Thermal Management of Microelectronic Equipment
5 Pool Boiling
From the viewpoint of thermodynamics, when a body of fluid in the purely liquid phase is heated at a constant pressure, its temperature and volume will both increase, as reflected in the line from A to B in Figure 5.1. Point B represents the maximum temperature and volume of saturated liquid at the given pressure, and between points B and C, any additional heat added to the system results in a change from the liquid phase to the vapor phase. In this region, liquid and vapor phases coexist in equilibrium. The amount of heat required to convert a unit of mass from liquid to vapor is called the latent heat of vaporization hfg (= hg - hf), where hg and hf are the enthalpy of saturated vapor and liquid, respectively. In this region, the addition of heat increases the vapor fraction and the volume of the mixture; however, the temperature of the two-phase mixture still remains at the saturation temperature. At point C, all the liquid has vaporized, and the vapor is now referred to as saturated vapor. Further heating will result in a temperature rise of the vapor (superheated vapor) along the constant-pressure line.

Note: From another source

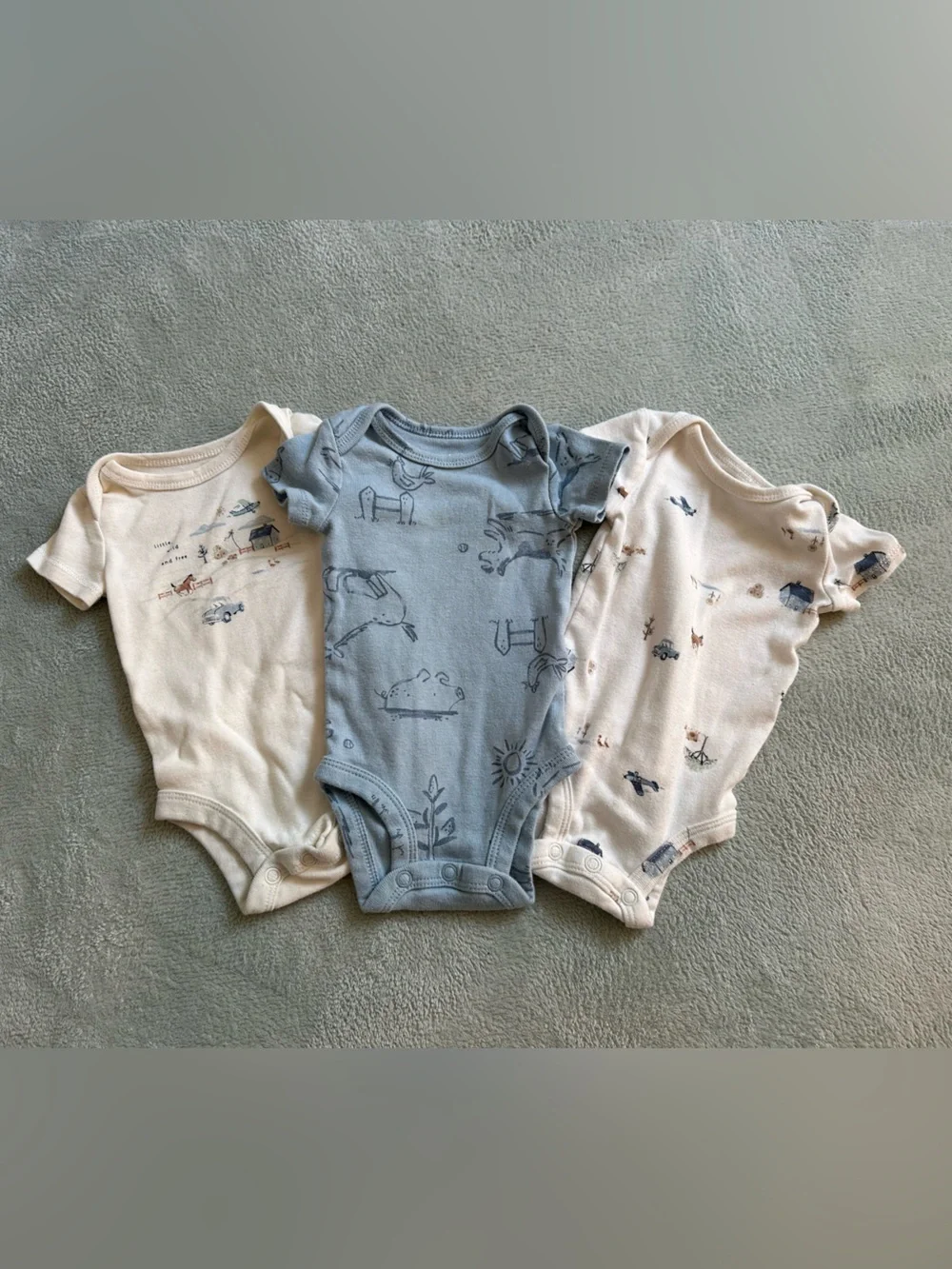 Carter’s Newborn Baby Outfit Bundle - Picture 2 of 8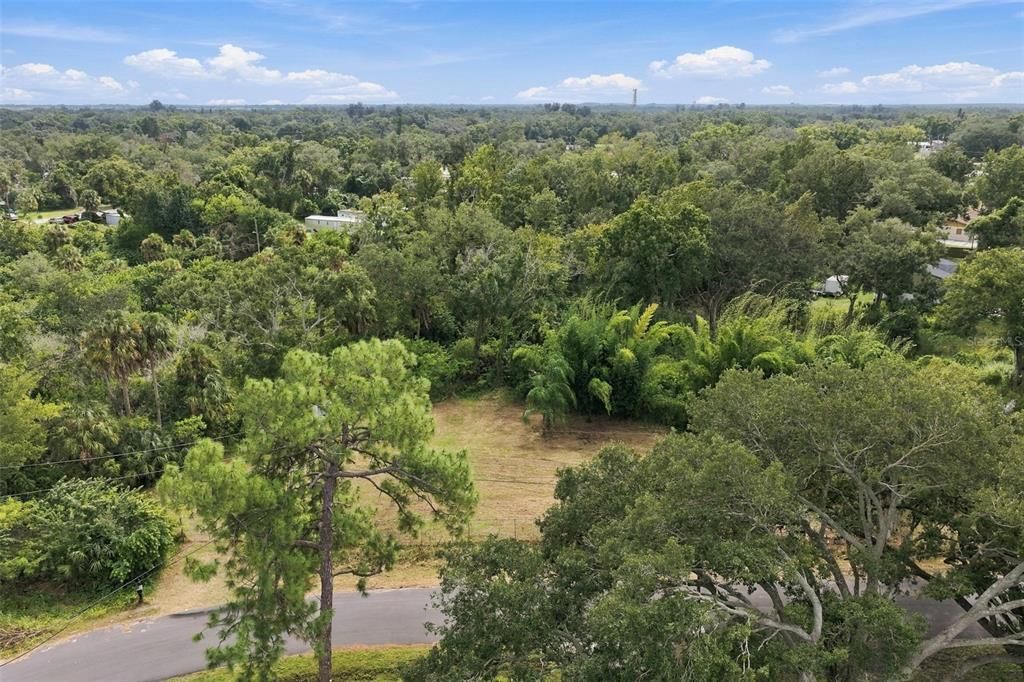 待售: $147,000 (0.36 acres)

Boiling is the process of evaporation associated with vapor bubbles in liquid. The change of phase from liquid to vapor is caused by heat transfer or by pressure changes. The two basic types of boiling are pool boiling and flow boiling. The former is boiling on heated surfaces submerged in a pool of stationary liquid, while the latter is boiling on the surface of a flowing stream of liquid. Boiling can also be classified according to the liquid temperature, into subcooling boiling, in which the bulk fluid temperature is below the saturation temperature; and saturated boiling, in which the bulk fluid temperature is uniformly at the saturation temperature.